Stage 2 of the 2008 Constructions Future Leaders competition involves a series of challenges. These are based on the business/industry challenges that CEOs from within Architecture face over the coming year.
Sustainability and the Skills Shortage are two issues that currently pervade the industry as a whole and therefore these themes make up the two challenges that must be answered by all entrants.These obligatory challenges are detailed below.
In addition to the obligatory challenges, a series of four weekly challenges will be emailed to entrants. Of these four, entrants must choose two to answer. These challenges will also feature on this page as they are announced. In total each entrant should answer four challenges during the month period, (two obligatory challenges and two chosen weekly challenges).
In the last few years the construction industry has enjoyed a period of continued growth. The investment from both the public and private sectors has made the construction sector form 8.1% of UK GDP.
At face value, the future outlook appears bright for the built environment with high profile and prestigious projects on the horizon such as, the Olympic and Commonwealth Games, the redevelopment of major cities, Crossrail, huge housing plans and almost every football and rugby club in the land seemingly requiring a new home. It would appear an industry in full bloom. Delivering these projects requires a continuing and ever increasing stream of talented young professionals.
Why then does the industry struggle to capture and retain talented graduates? Maybe it's a question of wages although many pan-industry reports would argue otherwise. Maybe it's a question of perception - the construction industry is not one that graduates deem glamorous especially with the bright lights and allure of "city jobs" catching their collective eye. Maybe it's a lack of marketing - graduates are not aware of the lucrative and fulfilling careers on offer in the industry. You decide.

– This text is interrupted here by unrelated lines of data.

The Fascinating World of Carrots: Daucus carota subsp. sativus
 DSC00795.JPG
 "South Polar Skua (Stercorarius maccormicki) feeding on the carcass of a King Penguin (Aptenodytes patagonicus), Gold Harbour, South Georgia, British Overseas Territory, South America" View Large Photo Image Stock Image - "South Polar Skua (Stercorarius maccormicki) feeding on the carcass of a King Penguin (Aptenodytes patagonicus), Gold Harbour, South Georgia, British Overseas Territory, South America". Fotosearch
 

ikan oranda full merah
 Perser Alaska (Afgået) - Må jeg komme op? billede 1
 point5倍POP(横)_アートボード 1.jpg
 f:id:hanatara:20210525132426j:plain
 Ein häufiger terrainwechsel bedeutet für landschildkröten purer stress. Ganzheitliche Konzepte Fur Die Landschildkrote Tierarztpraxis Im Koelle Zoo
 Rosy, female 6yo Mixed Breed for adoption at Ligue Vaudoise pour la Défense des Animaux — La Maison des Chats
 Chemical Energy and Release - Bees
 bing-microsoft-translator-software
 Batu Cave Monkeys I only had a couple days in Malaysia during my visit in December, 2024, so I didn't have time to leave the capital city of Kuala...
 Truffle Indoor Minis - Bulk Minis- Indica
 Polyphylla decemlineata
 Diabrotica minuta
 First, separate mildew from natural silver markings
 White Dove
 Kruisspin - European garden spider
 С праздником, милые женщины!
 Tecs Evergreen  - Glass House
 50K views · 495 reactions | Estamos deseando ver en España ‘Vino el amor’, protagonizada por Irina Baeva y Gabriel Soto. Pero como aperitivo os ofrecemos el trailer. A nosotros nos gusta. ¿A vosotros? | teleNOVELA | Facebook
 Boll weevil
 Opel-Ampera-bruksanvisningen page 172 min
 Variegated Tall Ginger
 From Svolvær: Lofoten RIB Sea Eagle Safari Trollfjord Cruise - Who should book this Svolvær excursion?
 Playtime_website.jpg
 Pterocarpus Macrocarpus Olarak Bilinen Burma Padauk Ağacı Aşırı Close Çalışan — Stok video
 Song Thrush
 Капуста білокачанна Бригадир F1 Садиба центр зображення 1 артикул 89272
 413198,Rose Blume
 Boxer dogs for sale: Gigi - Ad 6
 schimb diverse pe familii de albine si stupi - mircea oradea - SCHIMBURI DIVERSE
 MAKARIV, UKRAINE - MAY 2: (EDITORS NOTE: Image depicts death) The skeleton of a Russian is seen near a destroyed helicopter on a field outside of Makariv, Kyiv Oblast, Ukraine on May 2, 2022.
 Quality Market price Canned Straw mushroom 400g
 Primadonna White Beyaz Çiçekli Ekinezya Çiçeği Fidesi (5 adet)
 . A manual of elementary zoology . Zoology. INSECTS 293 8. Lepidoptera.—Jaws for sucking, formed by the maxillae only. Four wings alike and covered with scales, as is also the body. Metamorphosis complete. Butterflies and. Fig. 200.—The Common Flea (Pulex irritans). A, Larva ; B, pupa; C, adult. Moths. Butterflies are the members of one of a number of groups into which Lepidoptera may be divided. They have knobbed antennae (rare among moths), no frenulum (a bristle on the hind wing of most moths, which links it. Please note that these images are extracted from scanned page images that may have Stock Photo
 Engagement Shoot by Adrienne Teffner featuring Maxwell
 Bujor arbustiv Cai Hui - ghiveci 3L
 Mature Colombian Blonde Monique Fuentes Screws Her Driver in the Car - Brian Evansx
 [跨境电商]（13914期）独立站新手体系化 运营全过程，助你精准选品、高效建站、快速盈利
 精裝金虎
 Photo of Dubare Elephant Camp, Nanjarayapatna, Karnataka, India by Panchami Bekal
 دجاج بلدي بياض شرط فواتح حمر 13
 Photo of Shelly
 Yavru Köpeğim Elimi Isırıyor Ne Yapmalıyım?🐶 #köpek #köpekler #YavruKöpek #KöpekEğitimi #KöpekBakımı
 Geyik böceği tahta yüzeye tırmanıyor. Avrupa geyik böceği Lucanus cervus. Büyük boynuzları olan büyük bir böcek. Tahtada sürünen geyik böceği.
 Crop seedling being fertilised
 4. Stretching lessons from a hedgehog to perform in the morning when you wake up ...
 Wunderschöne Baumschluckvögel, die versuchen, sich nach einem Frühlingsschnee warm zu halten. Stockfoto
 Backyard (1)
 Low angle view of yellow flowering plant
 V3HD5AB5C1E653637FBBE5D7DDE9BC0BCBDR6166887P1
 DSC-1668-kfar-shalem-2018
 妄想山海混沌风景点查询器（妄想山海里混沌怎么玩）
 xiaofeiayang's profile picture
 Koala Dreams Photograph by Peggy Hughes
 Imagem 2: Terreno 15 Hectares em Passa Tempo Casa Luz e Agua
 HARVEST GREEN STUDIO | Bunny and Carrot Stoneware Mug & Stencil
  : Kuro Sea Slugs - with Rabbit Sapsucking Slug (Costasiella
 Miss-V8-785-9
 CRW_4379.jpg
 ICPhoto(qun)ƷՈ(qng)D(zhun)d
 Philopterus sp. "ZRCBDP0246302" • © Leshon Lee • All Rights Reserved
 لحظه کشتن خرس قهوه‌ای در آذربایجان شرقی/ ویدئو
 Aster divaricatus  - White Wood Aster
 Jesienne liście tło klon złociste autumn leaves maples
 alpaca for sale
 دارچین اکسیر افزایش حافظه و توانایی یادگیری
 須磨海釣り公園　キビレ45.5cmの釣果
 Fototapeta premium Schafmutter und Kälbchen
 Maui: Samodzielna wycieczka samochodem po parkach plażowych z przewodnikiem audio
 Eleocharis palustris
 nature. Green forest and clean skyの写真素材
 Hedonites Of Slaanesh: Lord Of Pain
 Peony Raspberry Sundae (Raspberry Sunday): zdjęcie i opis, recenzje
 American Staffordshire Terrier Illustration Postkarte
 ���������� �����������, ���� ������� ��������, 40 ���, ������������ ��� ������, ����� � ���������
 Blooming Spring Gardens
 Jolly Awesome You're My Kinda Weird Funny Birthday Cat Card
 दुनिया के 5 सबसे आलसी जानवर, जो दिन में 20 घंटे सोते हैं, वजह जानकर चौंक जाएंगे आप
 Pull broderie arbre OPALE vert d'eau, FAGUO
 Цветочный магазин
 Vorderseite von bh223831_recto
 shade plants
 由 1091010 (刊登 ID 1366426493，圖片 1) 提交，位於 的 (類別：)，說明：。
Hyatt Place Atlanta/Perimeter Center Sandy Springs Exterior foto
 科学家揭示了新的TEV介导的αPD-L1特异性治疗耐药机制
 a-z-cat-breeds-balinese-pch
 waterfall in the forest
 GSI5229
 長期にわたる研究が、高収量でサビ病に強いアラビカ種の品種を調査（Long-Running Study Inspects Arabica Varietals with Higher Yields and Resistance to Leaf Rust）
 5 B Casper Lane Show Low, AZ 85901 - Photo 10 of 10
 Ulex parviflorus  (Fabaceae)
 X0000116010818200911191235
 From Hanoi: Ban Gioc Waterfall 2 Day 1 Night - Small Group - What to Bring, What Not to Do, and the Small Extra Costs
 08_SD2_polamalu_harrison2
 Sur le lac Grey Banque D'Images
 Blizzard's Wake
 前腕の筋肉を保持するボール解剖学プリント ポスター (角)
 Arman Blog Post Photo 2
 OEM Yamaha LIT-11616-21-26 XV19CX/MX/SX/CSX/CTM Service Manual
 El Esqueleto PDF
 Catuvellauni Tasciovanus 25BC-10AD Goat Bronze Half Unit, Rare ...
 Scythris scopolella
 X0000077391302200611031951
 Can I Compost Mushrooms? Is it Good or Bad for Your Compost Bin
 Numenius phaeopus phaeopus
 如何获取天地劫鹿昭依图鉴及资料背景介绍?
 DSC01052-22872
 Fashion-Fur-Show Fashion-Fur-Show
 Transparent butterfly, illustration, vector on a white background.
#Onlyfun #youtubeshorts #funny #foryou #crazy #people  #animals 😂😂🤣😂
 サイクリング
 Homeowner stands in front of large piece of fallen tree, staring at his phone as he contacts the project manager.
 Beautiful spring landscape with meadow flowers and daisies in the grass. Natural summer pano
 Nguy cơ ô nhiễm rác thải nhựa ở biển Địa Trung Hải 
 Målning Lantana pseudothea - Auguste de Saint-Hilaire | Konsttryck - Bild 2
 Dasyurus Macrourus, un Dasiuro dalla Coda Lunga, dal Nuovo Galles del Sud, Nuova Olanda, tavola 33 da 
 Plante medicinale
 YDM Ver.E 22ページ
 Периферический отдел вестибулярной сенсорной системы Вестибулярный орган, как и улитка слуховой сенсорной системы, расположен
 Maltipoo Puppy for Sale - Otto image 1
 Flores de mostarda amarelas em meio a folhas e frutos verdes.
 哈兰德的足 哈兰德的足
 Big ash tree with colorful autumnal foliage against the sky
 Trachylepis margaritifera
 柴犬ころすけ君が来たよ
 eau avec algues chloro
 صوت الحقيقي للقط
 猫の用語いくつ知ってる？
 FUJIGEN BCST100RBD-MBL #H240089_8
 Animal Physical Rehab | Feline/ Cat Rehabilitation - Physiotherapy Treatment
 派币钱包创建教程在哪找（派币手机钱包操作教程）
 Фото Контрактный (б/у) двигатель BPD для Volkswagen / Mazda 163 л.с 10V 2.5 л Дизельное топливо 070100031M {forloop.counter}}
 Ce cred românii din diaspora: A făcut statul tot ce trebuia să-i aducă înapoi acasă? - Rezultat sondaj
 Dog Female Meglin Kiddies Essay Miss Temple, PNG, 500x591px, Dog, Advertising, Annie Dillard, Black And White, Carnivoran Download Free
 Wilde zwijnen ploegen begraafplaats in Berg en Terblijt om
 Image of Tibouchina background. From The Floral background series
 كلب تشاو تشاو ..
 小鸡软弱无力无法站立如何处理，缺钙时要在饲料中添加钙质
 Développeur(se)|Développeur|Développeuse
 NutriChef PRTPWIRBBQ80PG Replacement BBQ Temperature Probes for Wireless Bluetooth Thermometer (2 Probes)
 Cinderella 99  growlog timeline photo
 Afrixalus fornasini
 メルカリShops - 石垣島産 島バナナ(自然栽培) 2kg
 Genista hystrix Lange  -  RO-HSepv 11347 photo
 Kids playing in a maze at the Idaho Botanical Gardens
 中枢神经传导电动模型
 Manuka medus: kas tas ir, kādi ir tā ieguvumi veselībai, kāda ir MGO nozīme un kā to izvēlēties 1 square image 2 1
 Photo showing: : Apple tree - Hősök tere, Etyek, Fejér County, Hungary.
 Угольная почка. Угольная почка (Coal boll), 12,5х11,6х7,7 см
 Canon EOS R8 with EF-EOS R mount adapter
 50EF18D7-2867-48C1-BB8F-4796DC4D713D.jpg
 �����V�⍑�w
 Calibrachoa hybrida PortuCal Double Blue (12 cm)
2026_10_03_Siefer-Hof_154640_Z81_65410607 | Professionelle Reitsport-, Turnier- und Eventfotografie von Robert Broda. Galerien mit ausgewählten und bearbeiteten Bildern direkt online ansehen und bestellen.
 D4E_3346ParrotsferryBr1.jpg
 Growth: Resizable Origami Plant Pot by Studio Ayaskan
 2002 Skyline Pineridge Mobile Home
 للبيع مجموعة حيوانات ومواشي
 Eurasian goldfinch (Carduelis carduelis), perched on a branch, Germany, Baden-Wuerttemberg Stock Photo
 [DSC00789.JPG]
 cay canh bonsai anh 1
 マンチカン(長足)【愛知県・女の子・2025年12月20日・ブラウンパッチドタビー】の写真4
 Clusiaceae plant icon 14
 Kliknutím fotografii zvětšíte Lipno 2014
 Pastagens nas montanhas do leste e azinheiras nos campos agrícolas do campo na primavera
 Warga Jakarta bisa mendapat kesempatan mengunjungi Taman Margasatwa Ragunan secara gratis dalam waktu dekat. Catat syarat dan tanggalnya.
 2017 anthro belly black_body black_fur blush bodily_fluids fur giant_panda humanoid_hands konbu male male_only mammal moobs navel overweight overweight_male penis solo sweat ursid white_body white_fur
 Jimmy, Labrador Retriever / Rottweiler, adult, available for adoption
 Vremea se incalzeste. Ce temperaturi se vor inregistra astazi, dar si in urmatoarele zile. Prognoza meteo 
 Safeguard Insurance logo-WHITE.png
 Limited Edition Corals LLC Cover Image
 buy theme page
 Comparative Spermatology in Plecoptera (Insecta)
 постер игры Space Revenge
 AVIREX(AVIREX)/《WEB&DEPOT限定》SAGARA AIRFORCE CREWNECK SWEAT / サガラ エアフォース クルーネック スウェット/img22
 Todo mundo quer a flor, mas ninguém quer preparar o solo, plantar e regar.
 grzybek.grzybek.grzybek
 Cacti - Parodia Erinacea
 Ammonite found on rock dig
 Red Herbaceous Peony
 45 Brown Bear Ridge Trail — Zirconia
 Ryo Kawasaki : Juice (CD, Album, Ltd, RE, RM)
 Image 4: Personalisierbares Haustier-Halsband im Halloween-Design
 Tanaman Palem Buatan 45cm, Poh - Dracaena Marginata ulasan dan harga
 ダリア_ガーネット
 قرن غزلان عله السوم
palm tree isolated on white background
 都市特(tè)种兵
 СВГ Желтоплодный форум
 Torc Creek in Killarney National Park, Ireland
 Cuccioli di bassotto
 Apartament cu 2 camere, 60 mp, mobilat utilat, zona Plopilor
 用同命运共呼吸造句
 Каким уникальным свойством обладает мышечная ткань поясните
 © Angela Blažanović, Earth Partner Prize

Future leaders will need a future workforce so here's the challenge:
As the leader of your company how would you address the issue of attracting and retaining graduates in your business? What can the industry collectively do to improve its reach and appeal to graduates?
The term sustainability is used with ever-increasing regularity. Yet it can mean different things to different people.
The general theory is that sustainability refers to the maintenance and protection of our environment as a whole and the impact our current practices have on its wellbeing. If we don't change the way we work we will not be able to sustain our environment. So it is clearly something that construction is duty bound to take a lead in through its design and building practices. We build for the future.
Construction clients, both public and private sectors, are increasingly putting sustainability high on their agendas. They require companies to be sustainable in all areas - from the way they design and build to the way they source and select products. Sustainability even encompasses the way organisations behave. It is a commercial reality - without following these steps businesses are in danger of losing work.
However, creating a organisation that is fully sustainable may entail reviewing & overhauling working practices, installing new IT systems, employing new staff, retraining existing staff, engaging new suppliers. It is clear that the changes required come at considerable cost both culturally and financially. This begs the question - is sustainability in design and construction a necessity for all businesses to adhere to at any cost?
As the leader of your organisation how do you balance the need to be fully sustainable throughout your business against the commercial realities of making a profit and maintaining competitive advantage? How would you communicate this message externally and internally?
Like the undulating hills of the Cotswolds the construction industry has seen its fair share of peaks and troughs in recent years with each hill representing great success and prosperity at the pinnacle and shadowy disappointment or trepidation at the bottom.
Just as the natural cycles that created the Cotswold landscape are impossible to influence, individual businesses cannot control the economic cycles that affect the whole industry - the peaks and troughs are testament to this. As the cycles continue the peaks may become taller or shorter, the troughs steeper or shallower, but the cycle remains by design.
As the leader of your business how do you plan for and manage these cycles in order to maintain continued growth and gain new business throughout?
PFI projects remain some of the biggest contracts to be won in construction. The government has hugely increased its spending in this area over the last 10 years rising from £670m in 1995 to £7.7bn last year and with forward projections of £11bn in 2010. Clearly this is a construction cash cow. But what does this mean for the Architects?
It would be reasonable to think that this would be an area of commercial focus for the Architectural world, just as it is for the rest of the industry. However, it is not.
It seems that design and aesthetics often appear to be of secondary importance on PFI projects, with the architect having little influence on decision making.
As the leader of your company what steps would you take to try and improve the role of design in PFI projects and ensure further business growth?
"Having too many participants in the design process, and the requirements to deliver excessive documentation at each stage of design, does not result in better architecture. There is a real and avoidable risk of projects achieving competence in all the manifold areas of specialist design, yet failing to produce excellence in any one."
Challenge: What parts of the UK design process would you change and what impact would the changes have on the way practices work?
Is it unrealsitic not to accept that at some stage clients will expect architects to 'value engineer' their schemes and at what stage would you refuse to co-operate?